But Polunin intended “Take Me to Church” to serve as his swan song, even though he was only 25. Having reached the heights of ballet at an astonishingly young age and realizing his heart no longer was in it, the media-hyped “bad boy” considered this shoot a farewell to the art form that brought him fame and acclaim.
Trouble is, the video made him even more popular. And that’s where documentary “Dancer” comes in: to explore the paradox of having it all and still not feeling satisfied.
Director Steven Cantor provides intimate access to Polunin in all his shadings, from playful to petulant. (Cantor knows a little something about challenging celebrities, having previously co-directed the excellent Pixies documentary “loudQUIETloud,” among many others.) He also benefits from the fact that video technology has been available throughout Polunin’s life—despite a childhood spent in poverty in southern Ukraine—so we see footage of him training to be an Olympic gymnast at age six, then pirouetting longer and jumping higher than the other boys in his ballet classes as a pre-teen.

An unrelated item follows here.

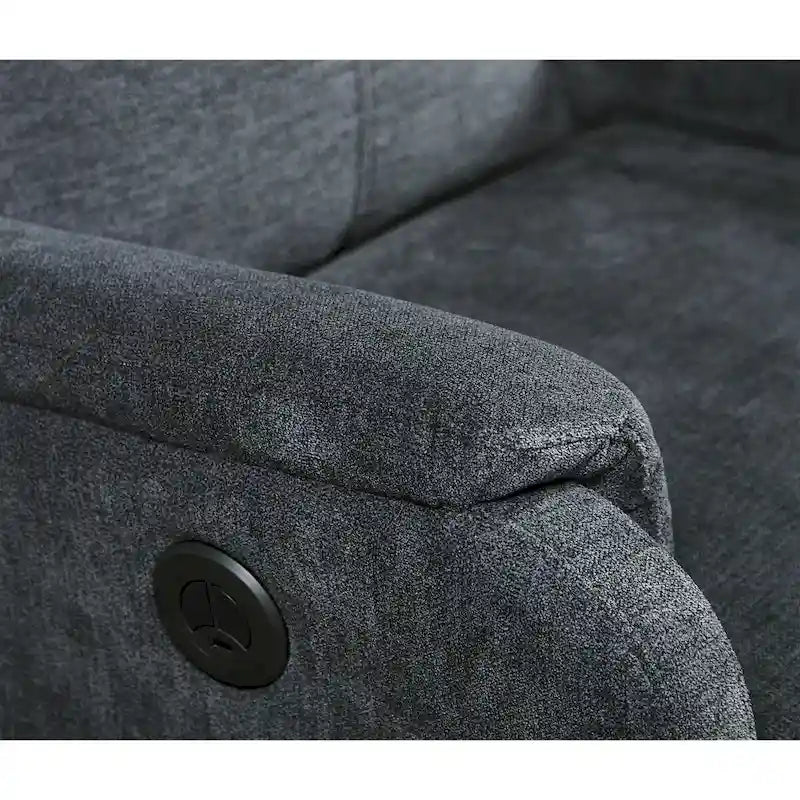 Sillón reclinable eléctrico azul con cargador USB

Cantor also speaks with Polunin’s parents and grandmothers, all of whom are matter-of-fact about splitting up the family and moving to different countries for work to help nurture their prodigy. While they were united in their love and support of their son, his parents ended up divorcing over the geographical divide. At 13, Polunin moved on his own to London to study with the British Royal Ballet School without knowing a word of English; at 19, he became the Royal Ballet’s youngest-ever principal dancer.

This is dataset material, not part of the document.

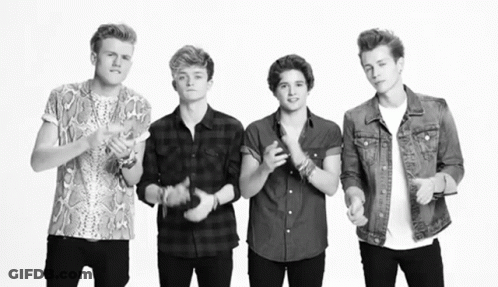 Four Young Men Clapping GIF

But by 22, he walked away from the company, feeling restrained by the routine. He had plenty of friends—video clips show them partying hard well into the night, and tabloid reports wallow in tales of his wild ways—but his sense of isolation is obvious. And the same swagger that makes him sexy and seductive on stage makes him demanding and dismissive off of it.
Who Polunin truly is and what drives him remain somewhat elusive in “Dancer,” though. Maybe that’s the point, or maybe those sorts of things are difficult to pin down as Polunin himself continues to forge an identity of his own. But it’s the one element that makes this documentary feel like a less-than-complete experience.
Cantor deserves credit, however, for tracking the self-destruction without gawking or clucking; he seems to feel sympathy for this frustrated artist in flux. Unlike so many movies about ballet, “Dancer” isn’t about the toll such discipline takes on the body. It’s about the toll it takes on a life.
But still, there is the dancing. Good lord, does he dazzle. Seeing how freakishly gifted he is and watching his ascendance is a thrill, and Cantor keeps the pacing moving crisply. And there is an emotional underpinning, as well. While the film reveals unmistakable traces of remorse in Polunin’s more recent interactions with his mother, who sacrificed everything for him, it ends on a note of uplift. Despite the rage of the “Take Me to Church” video, “Dancer” suggests there’s hope for happiness yet.